03 Big Data

For every new-emerged technology, we ask two questions: - Can we solve new problems? - Can we solve old problems in a better way?

Big Data Pipeline¶

Data Ingestion: Use tools like Apache Kafka or Flume to collect data from various sources (e.g., logs, sensor data, social media).
Storage: Store raw data in a distributed file system like HDFS or a data lake, ensuring it’s accessible for processing.
Data Processing: Use frameworks such as MapReduce for batch processing or Spark for faster, in-memory analytics. For real-time processing, consider tools like Apache Storm or Flink.
Query and Analysis: Run SQL queries with Hive or Impala, or use BI tools for visualization. This step turns processed data into actionable insights.
Machine Learning and Analytics: Leverage libraries like Spark MLlib, TensorFlow, or PyTorch to analyze patterns, predict trends, or classify data.
Visualization and Reporting: Create dashboards and reports using tools like Tableau or Power BI to communicate findings.

1. Data Ingestion and Messaging Systems - Apache Kafka - What It Does: A distributed messaging system that allows for high-throughput, fault-tolerant ingestion of real-time data streams. - Apache Flume - What It Does: Specializes in collecting and aggregating large amounts of log data from various sources to HDFS.

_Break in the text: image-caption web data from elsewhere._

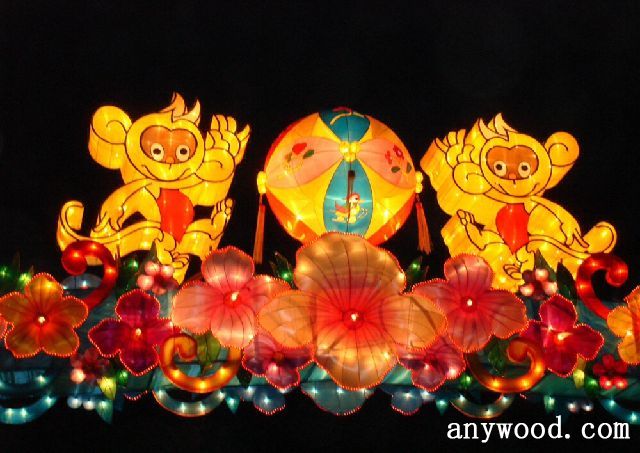 批木网 anywood.com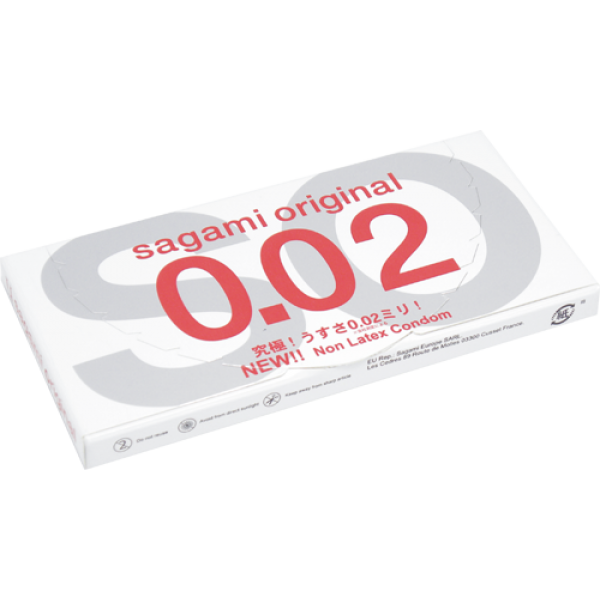 Sagami Original S 2ks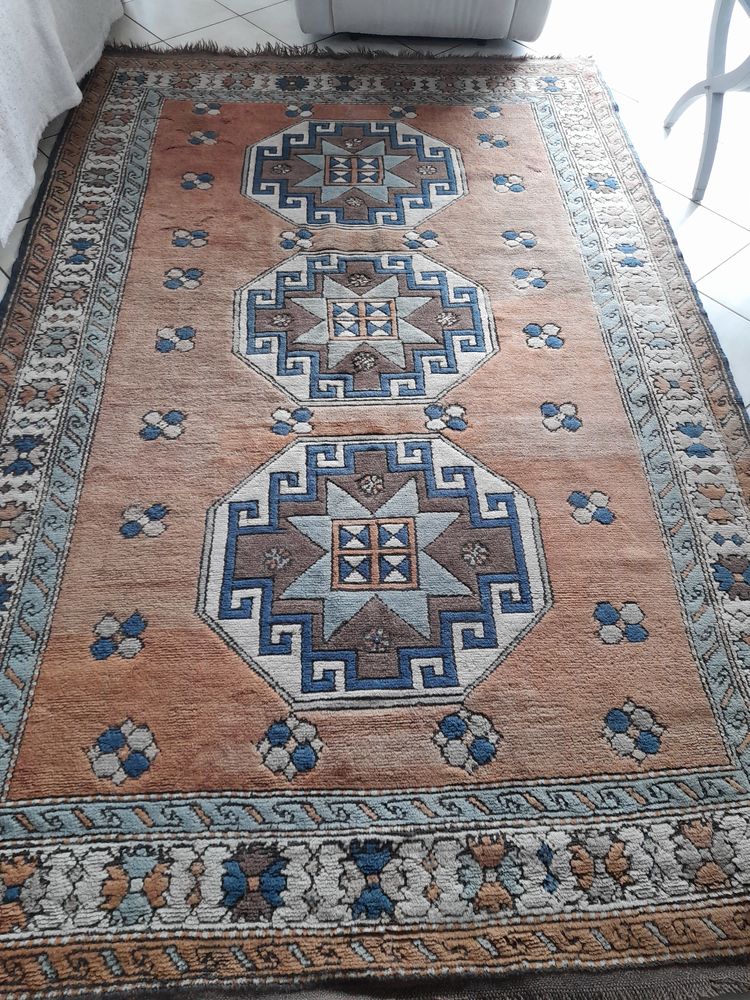 Tapis Kars authentique 60 Cannes La Bocca (06)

2. Storage and File Systems - Hadoop Distributed File System (HDFS) - See Below. - Data Lakes and Warehouses - Data Lakes: Centralized repositories that allow you to store all your structured and unstructured data at any scale. They use low-cost storage and are often built on distributed systems. - Data Warehouses: Optimized for querying and reporting; they integrate and aggregate data from various sources. - Use Cases: Data lakes are ideal for data exploration and machine learning, whereas data warehouses support business intelligence and analytics. - NoSQL Databases: Such as MongoDB, Cassandra, and HBase, which handle unstructured data more flexibly than traditional SQL databases. - Cloud Storage: Services like Amazon S3, Google Cloud Storage, and Azure Blob Storage provide scalable and cost-effective storage.

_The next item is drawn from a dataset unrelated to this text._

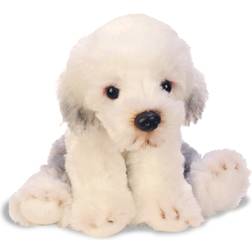 Suki Yomiko Sitting Dog Sheep Dog Small 12120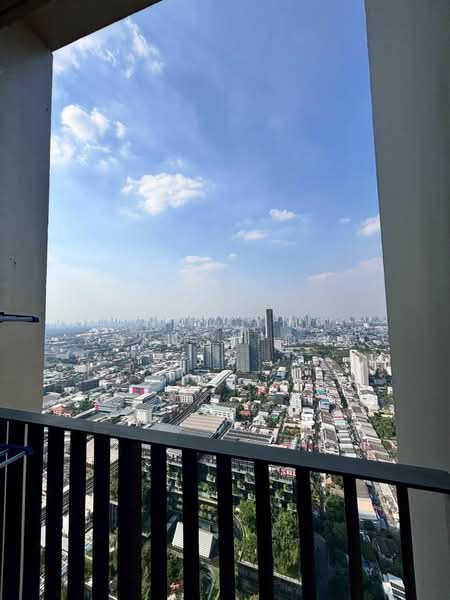 Whizdom Essence, Bangkok, 5 Piyabutr 1 Alley, Bang Chak, Phra Khanong, Bangkok, 1 Bedroom, 35 sqm, Condo For Rent, by Natlyn Kongsapook, 500183389 - DDproperty.com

3. Data Processing Frameworks - MapReduce - Apache Spark - What It Does: An in-memory data processing engine that offers faster processing compared to MapReduce, with built-in modules for SQL, machine learning, stream processing, and graph processing. - Stream Processing Engines - Apache Storm & Apache Flink: These tools process data streams in real time, enabling applications such as fraud detection or real-time analytics. - How They Work: Unlike batch processing, stream processing continuously ingests and processes data, often with low latency.

4. Query and Analysis Tools - SQL-on-Hadoop Engines - Examples: Apache Hive, Impala, Presto. - What They Do: Enable users to run SQL queries on data stored in HDFS or other big data storage systems. - How to Use: They provide a familiar SQL interface to non-SQL storage systems, allowing data analysts to leverage their SQL skills for big data processing.

5. Machine Learning and Advanced Analytics - Apache Spark MLlib: A scalable machine learning library integrated with Spark. - TensorFlow and PyTorch: Deep learning frameworks that can process large datasets for complex tasks like image recognition or natural language processing.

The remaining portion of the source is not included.